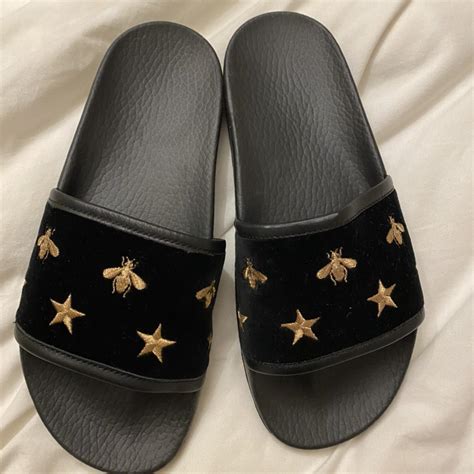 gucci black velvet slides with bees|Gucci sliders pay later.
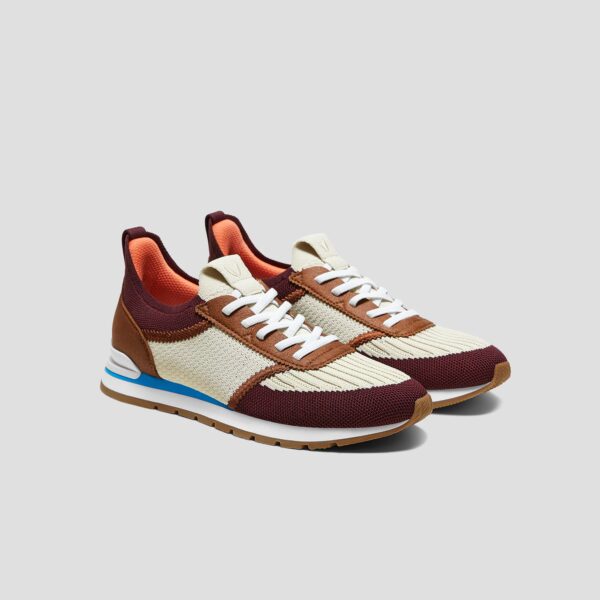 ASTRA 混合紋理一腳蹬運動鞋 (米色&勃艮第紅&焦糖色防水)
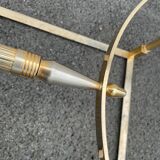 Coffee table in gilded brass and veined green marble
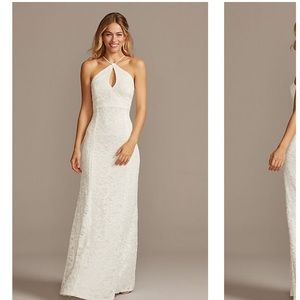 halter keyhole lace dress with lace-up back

▬▬▬▬▬▬

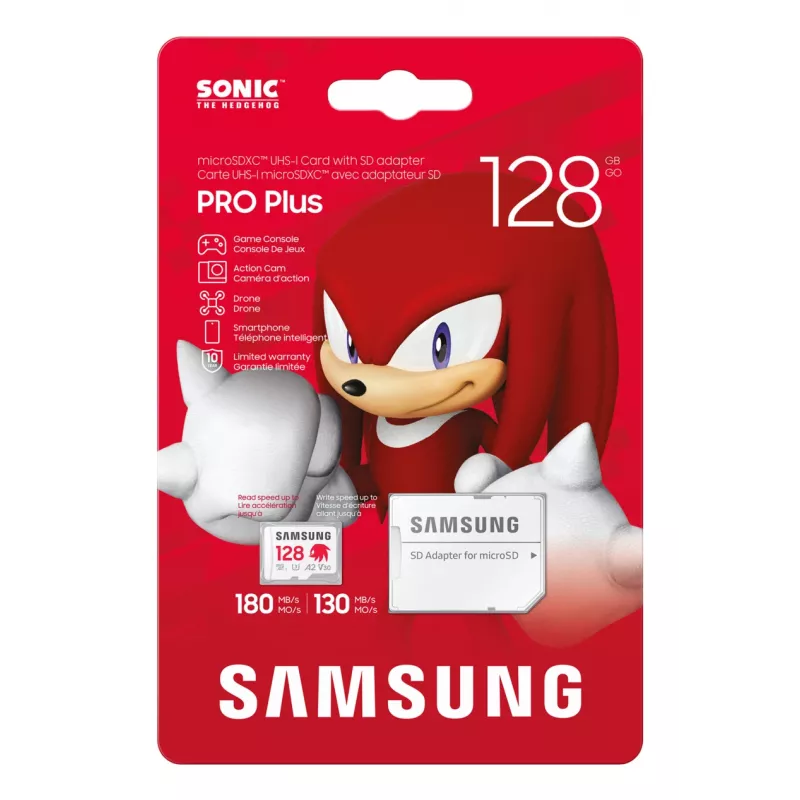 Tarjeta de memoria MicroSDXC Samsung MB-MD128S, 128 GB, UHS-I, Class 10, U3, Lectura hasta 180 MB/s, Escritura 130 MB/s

▬▬▬▬▬▬

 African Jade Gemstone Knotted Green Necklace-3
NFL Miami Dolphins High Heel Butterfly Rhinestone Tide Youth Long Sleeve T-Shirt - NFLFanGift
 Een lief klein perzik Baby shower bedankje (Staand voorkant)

▬▬▬▬▬▬

## [WHAT YOU HAVE TO DO]
Restate word for word the lines of the data above that begin at the line with "gucci black velvet" and end at the line with "halter keyhole lace dress with lace-up back", keeping both ends and dropping every picture.

## [RESPONSE TO THE TASK]
 gucci black velvet slides with bees|Gucci sliders pay later.
 ASTRA 混合紋理一腳蹬運動鞋 (米色&勃艮第紅&焦糖色防水)
 Coffee table in gilded brass and veined green marble
 halter keyhole lace dress with lace-up back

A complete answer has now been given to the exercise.